2.2. Synthesis of octa-(3-hydroxypropyl) polyhedral oligomeric silsesquioxane (POSS-(OH)₈)

Octa-(3-chloropropyl) polyhedral oligomeric silsesquioxane (POSS-Cl₈) was synthesized by the method described by Liu et al.⁴⁴ 79.5 g (0.4 mol) 3-chloropropyltrimethoxysilane, 1800 ml methanol and 90 ml concentrated hydrochloric acid were mixed and the mixture was stirred at room temperature for at least 5 weeks. 13.4 g (yield: 25.9%) colorless crystals were obtained after being washed by deionized water and dried in vacuo at 65 °C for 48 h. The synthesis route is presented in Scheme 1. ¹H NMR (DMSO-d₆, ppm): 3.58–3.62 (m, SiCH₂CH₂CH₂Cl); 1.73–1.80 (m, SiCH₂CH₂CH₂Cl); 0.75–0.79 (m, SiCH₂CH₂CH₂OH) (see ESI† for ¹H NMR spectrum).

Scheme 1 Synthesis route of octa-(3-chloropropyl) polyhedral oligomeric silsesquioxane (POSS-Cl₈).

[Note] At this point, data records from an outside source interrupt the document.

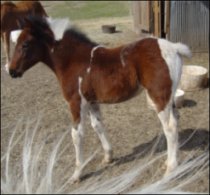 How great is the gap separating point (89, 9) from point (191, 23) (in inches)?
265

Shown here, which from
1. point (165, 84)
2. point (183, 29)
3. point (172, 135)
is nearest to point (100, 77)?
point (165, 84)

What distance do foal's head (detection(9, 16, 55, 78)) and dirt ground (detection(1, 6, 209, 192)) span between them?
580mm

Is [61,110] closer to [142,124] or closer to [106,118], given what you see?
[106,118]

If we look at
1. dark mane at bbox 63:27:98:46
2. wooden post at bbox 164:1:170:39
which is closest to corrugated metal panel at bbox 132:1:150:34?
wooden post at bbox 164:1:170:39

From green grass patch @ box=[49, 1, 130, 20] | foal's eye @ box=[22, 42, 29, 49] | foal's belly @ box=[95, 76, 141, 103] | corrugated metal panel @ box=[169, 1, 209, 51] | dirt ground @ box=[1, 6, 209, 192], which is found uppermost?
foal's eye @ box=[22, 42, 29, 49]

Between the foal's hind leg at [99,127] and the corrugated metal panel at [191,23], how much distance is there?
4376 mm

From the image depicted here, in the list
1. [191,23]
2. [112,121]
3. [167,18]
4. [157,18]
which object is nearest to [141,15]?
[157,18]

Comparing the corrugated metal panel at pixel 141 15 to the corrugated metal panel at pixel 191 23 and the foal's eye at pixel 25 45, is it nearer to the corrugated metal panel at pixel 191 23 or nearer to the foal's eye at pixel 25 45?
the corrugated metal panel at pixel 191 23

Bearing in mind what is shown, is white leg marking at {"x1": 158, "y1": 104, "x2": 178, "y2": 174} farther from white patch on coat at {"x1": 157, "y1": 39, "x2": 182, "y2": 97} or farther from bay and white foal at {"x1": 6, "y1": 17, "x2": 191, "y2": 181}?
white patch on coat at {"x1": 157, "y1": 39, "x2": 182, "y2": 97}

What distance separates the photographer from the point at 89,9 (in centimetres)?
1384

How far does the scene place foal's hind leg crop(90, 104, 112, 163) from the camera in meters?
3.89

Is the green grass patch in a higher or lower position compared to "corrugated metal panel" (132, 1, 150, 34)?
lower

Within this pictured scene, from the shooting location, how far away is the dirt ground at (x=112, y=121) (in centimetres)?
400

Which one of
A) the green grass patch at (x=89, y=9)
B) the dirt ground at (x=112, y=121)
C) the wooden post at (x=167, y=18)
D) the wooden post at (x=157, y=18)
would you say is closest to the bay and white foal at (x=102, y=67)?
the dirt ground at (x=112, y=121) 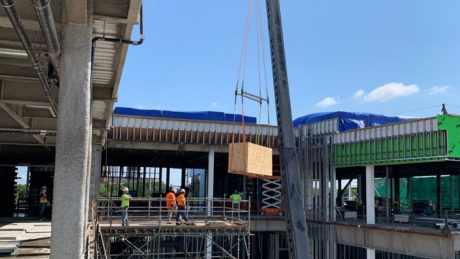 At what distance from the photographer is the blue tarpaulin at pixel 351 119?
108 feet

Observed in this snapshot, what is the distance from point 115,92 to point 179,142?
56.7 ft

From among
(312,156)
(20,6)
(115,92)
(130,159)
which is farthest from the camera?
(130,159)

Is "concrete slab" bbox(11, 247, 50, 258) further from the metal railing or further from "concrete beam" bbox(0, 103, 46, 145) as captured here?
the metal railing

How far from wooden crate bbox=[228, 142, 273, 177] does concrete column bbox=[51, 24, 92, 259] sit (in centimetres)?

Octa-(3-hydroxypropyl) polyhedral oligomeric silsesquioxane (POSS-(OH)₈) was synthesized by the hydrolysis of POSS-Cl₈ in the presence of fresh silver oxide (Ag₂O).⁴⁴ Ag₂O was prepared by dissolving AgNO₃ first (2.355 g, 13.95 mmol) in 10 ml deionized water and aqueous NaOH (0.56 g, 14.08 mmol) dropwise with vigorous stirring. The silver oxide precipitates were centrifuged and washed with deionized water for at least three times. POSS-Cl₈ (1.50 g, 1.44 mmol), ethanol (38 ml) and tetrahydrofuran (38 ml) were mixed in a round-bottom flask to form a transparent solution. Then, the newly prepared Ag₂O together with 1 ml deionized water were added to the solution. The reactive system was refluxed with vigorous stirring in the dark for 48 h. The solution was evaporated by rotary evaporation to obtain white solids (1.12 g) with a yield of 87% after filtering. The synthesis route is presented in Scheme 2. ¹H NMR (DMSO-d₆, ppm): 3.58–3.62 (m, SiCH₂CH₂CH₂OH); 3.39 (s, SiCH₂CH₂CH₂OH), 1.73–1.80 (m, SiCH₂CH₂CH₂OH); 0.75–0.79 (m, SiCH₂CH₂CH₂OH) (see ESI† for ¹H NMR spectrum).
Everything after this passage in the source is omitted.